Às vezes, o Nobel é dado em nome de um porvir. Foi o caso de Barack Obama, laureado antes mesmo de completar o primeiro ano na Casa Branca. Pode ser o caso do etíope Ahmed.
O acordo de paz fechado entre Etiópia e Eritreia é ainda frágil, foi acertado em julho do ano passado graças a um movimento unilateral do primeiro-ministro que cedeu trecho de fronteira desejado pelo governo autocrata eritreu. Em geral, para se chegar à paz, alguém tem de ceder. Ahmed cedeu. Foi um primeiro passo.

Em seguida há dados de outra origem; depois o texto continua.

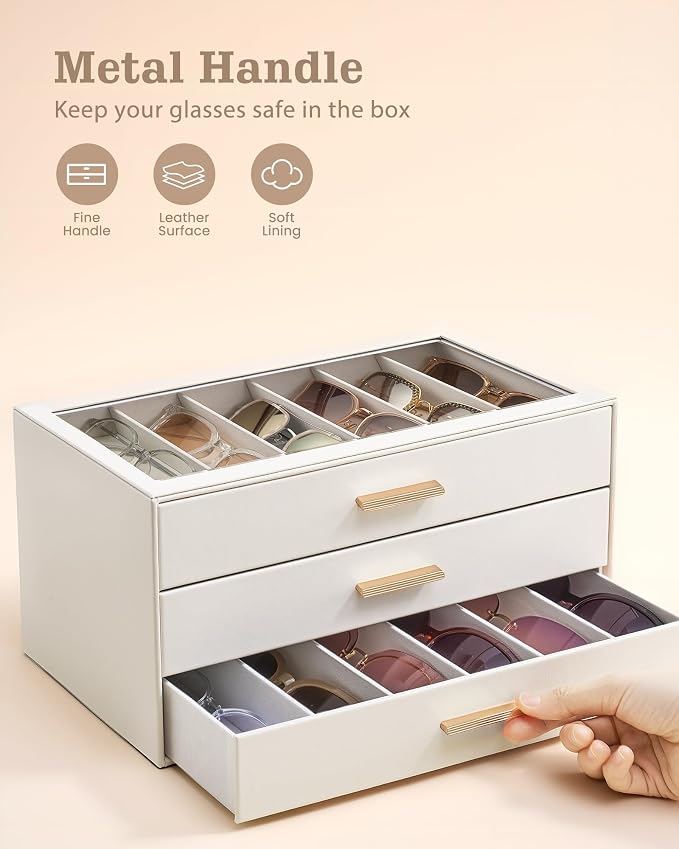 Lolalet Sunglasses Storage Box for Women, Eyewear Eye Glass Organizer - Image 3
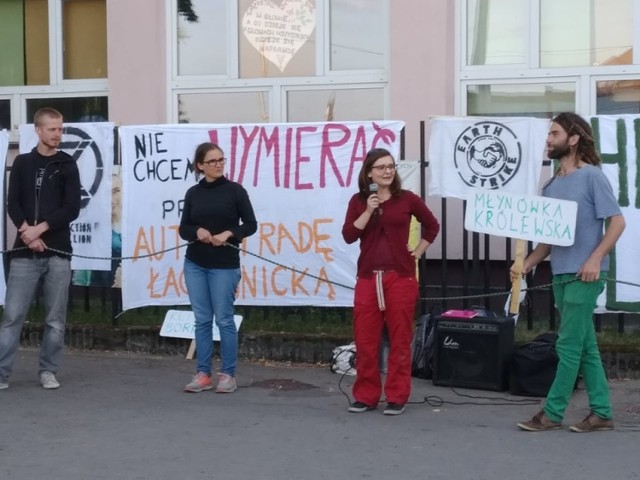 Mieszkańcy protestowali przy ul. Pszczelnej przeciwko Trasie Łagiewnickiej i betonowaniu miasta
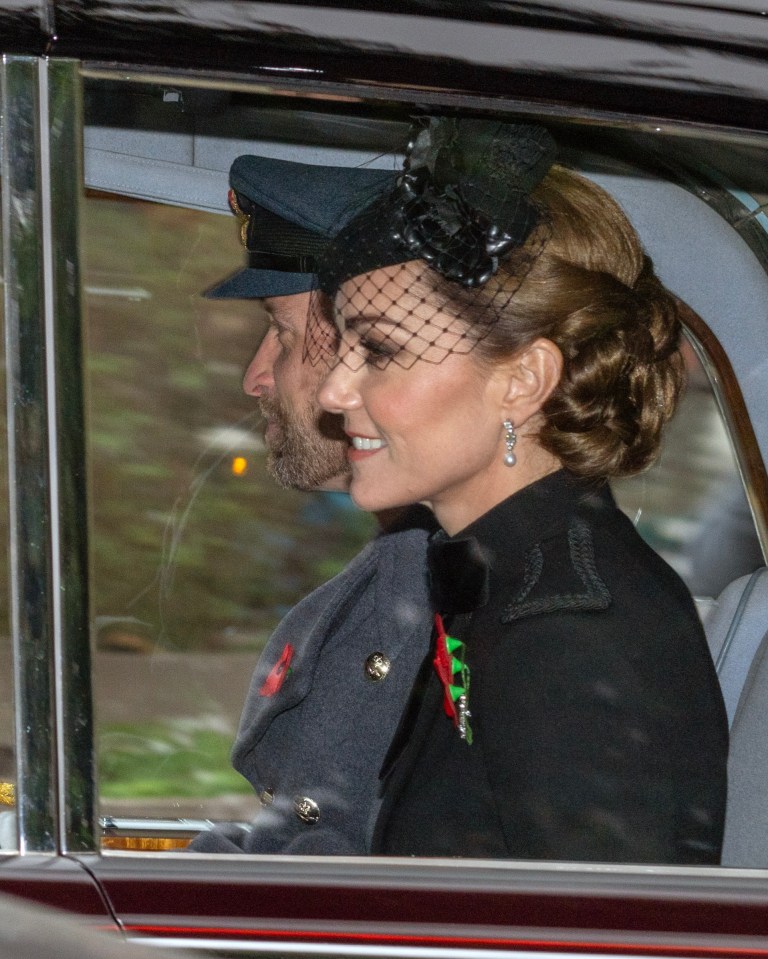 Princess Kate arriving at the Remembrance Sunday service with Prince William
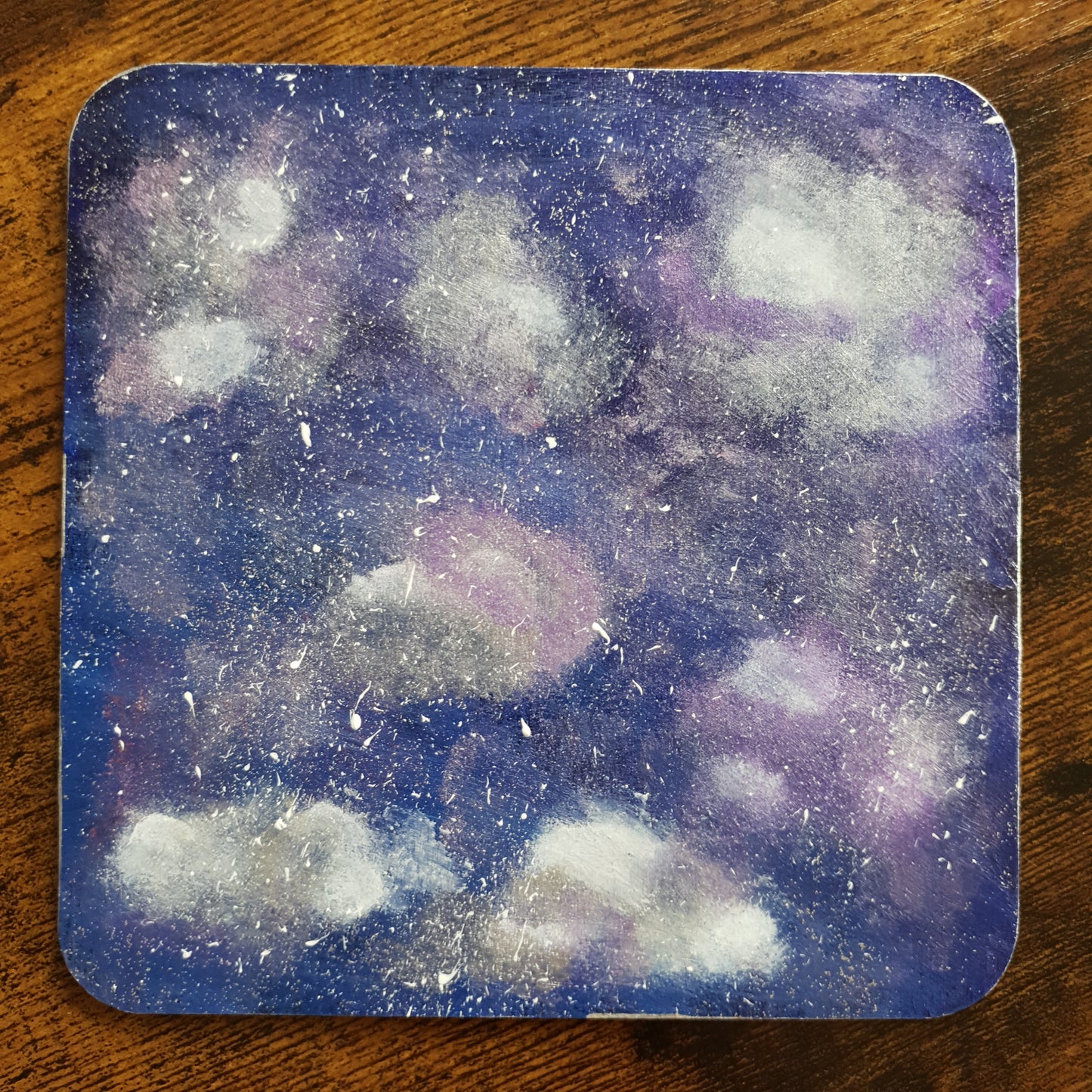 Purple galaxy clouds - Wooden Painting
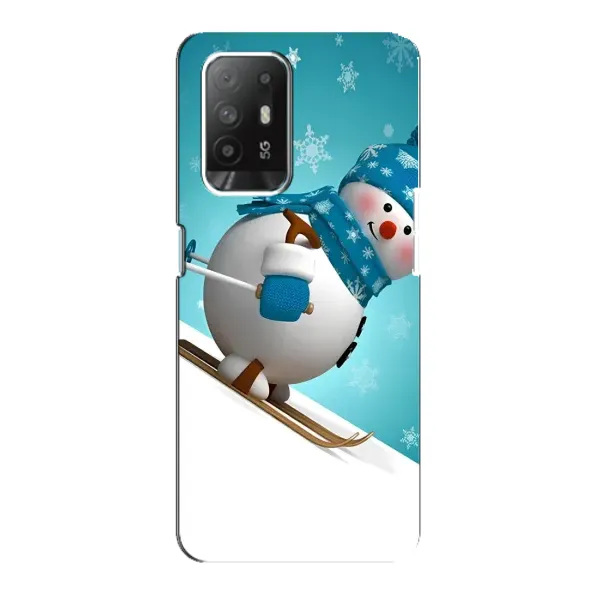 Чехол с принтом «Снеговик на лыжах» для OPPO F19 Pro Plus 5G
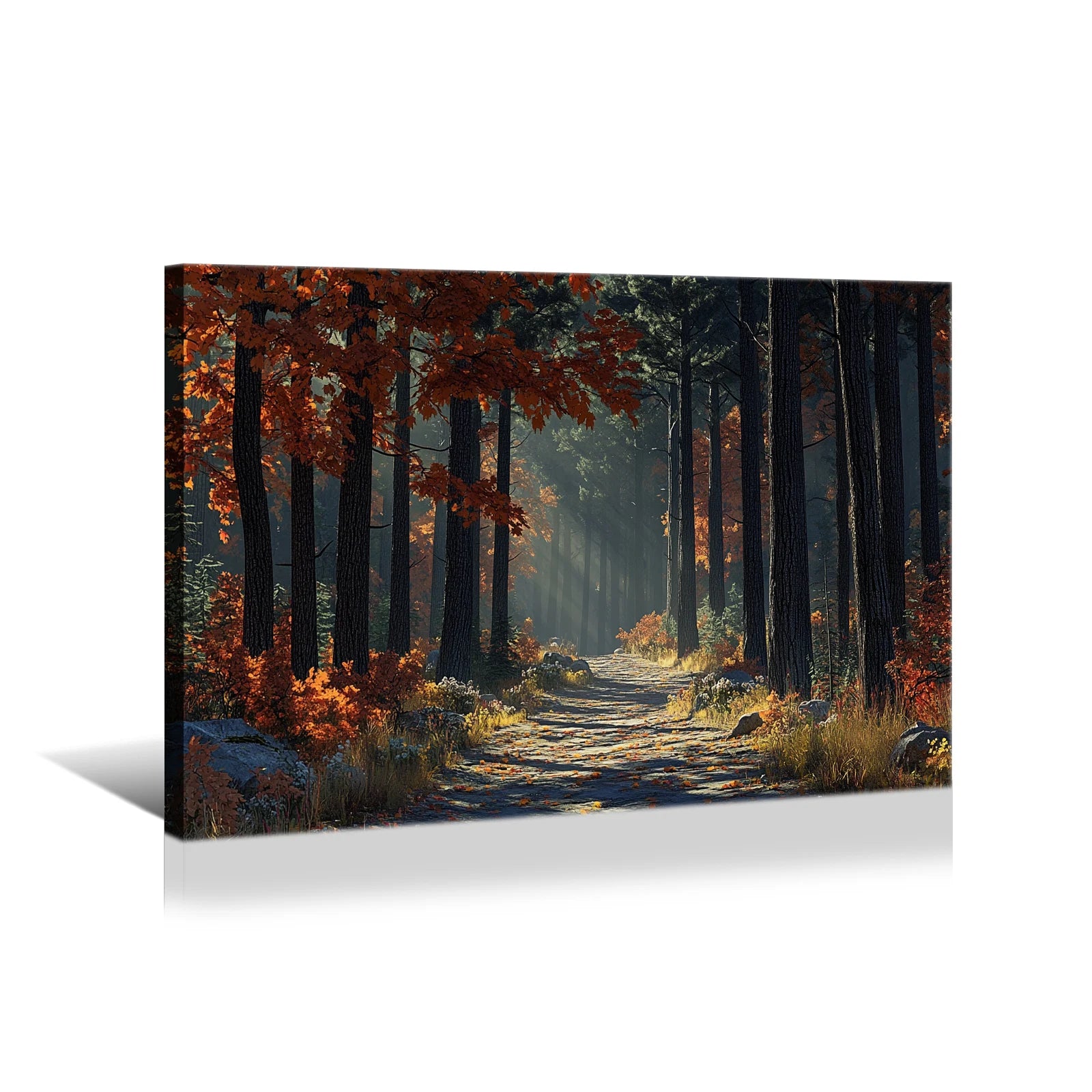 Canvas Murals: Autumn Red Forest Landscape Printing Decorative Artworks Suitable for Home Decoration As Gifts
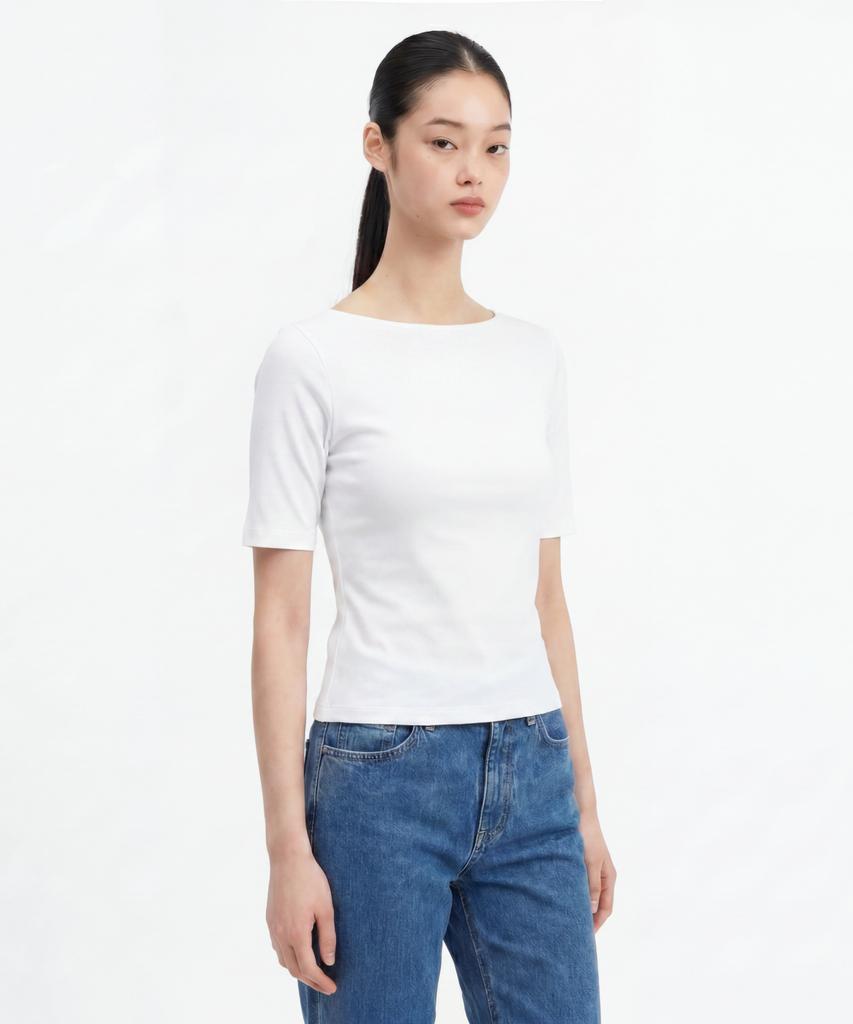 BASIC HOUSE Women'S Modal Spandex Boat Neck Slim Fit Short Sleeve T-Shirt White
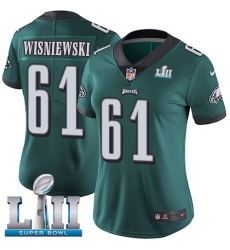 Women's Nike Philadelphia Eagles #61 Stefen Wisniewski Midnight Green Team Color Vapor Untouchable Limited Player Super Bowl LII NFL Jersey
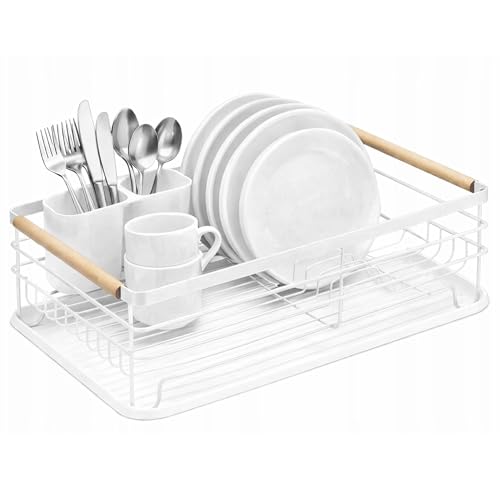 PECZEKO Geschirrabtropfer Weiß – Abtropfgestell mit Besteckhalter, Geschirrtrockner für Küche...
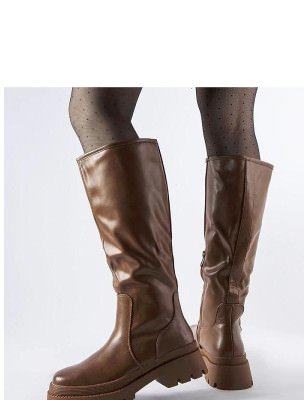 Brown Flat Classic Winter Boots for Women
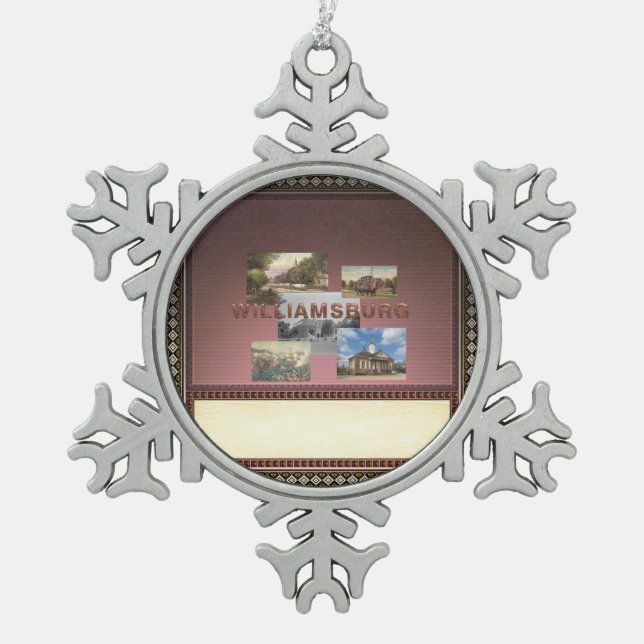 ABH Williamsburg Snowflake Pewter Christmas Ornament (Front)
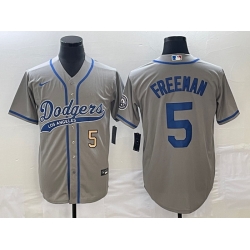 Men's Los Angeles Dodgers #5 Freddie Freeman Number Grey Cool Base Stitched Baseball Jersey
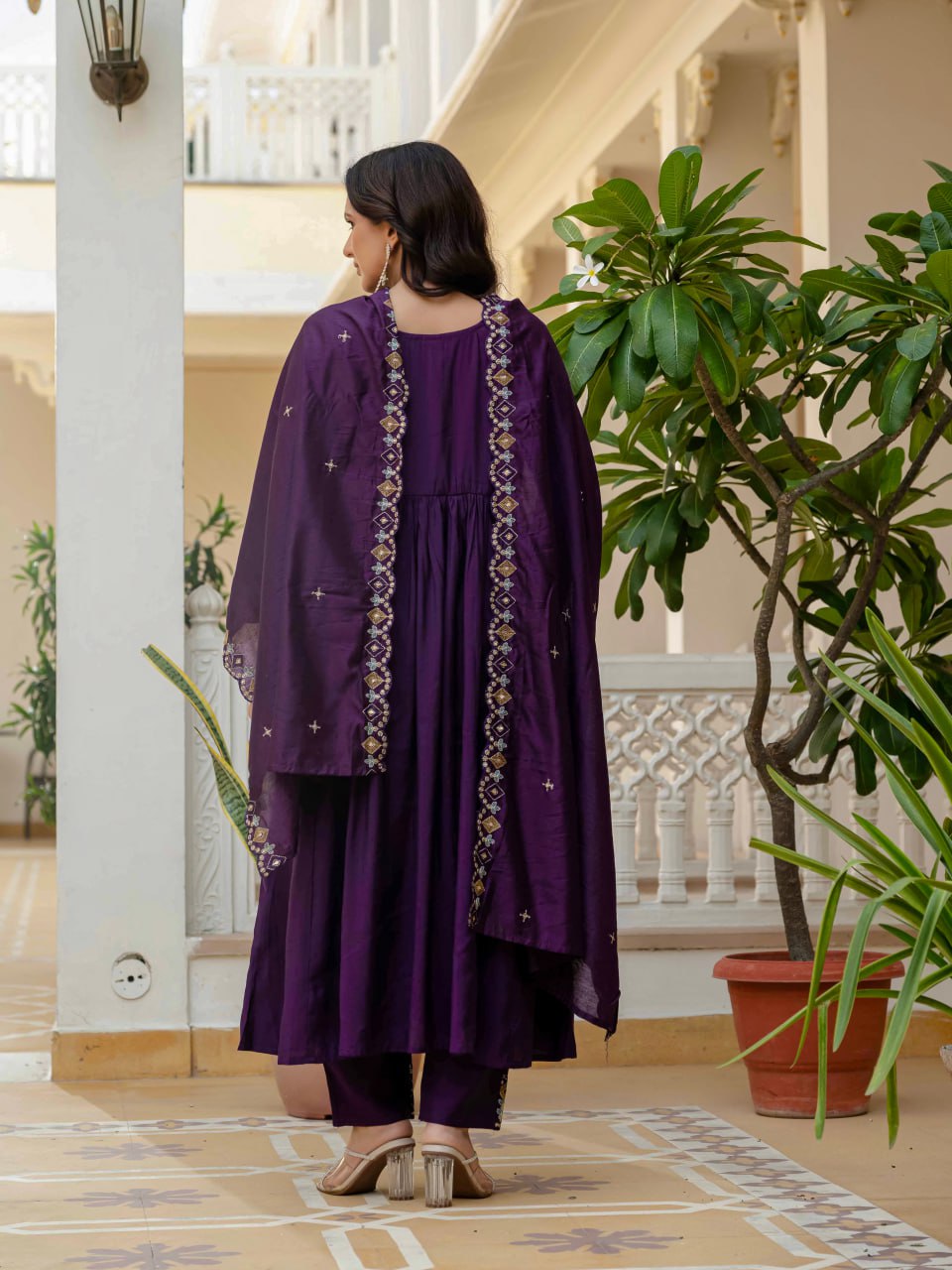 Moonpalav Deep Plum Roman Silk Mirror Work Anarkali Set with Dupatta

Mas muito mais precisa ser feito para a consolidação da trégua.
A Etiópia e a Eritreia, territórios herdeiros do grande reino da Abissínia, experimentaram algumas das piores ideologias do século 20, como o fascismo italiano e a ditadura comunista. Resistiram à colonização do século 19, mas não aos interesses da Guerra Fria. Ainda que tenhamos na mente as imagens das crianças esquálidas dos anos 1980 quando se pensa em Etiópia, o país está entre as economias de mais rápido crescimento na África. As luzes do Nobel ajudam. Mas a paz uma paz duradoura depende de boa vontade de vários lados. Que o diga a Colômbia, país do ex-presidente Juan Manuel Santos, laureado em 2016 com o Nobel da Paz pelo acordo que pôs fim ao conflito com as Forças Armadas Revolucionárias da Colômbia (Farc). Este ano, um grupo dissidente da guerrilha anunciou o retorno às armas.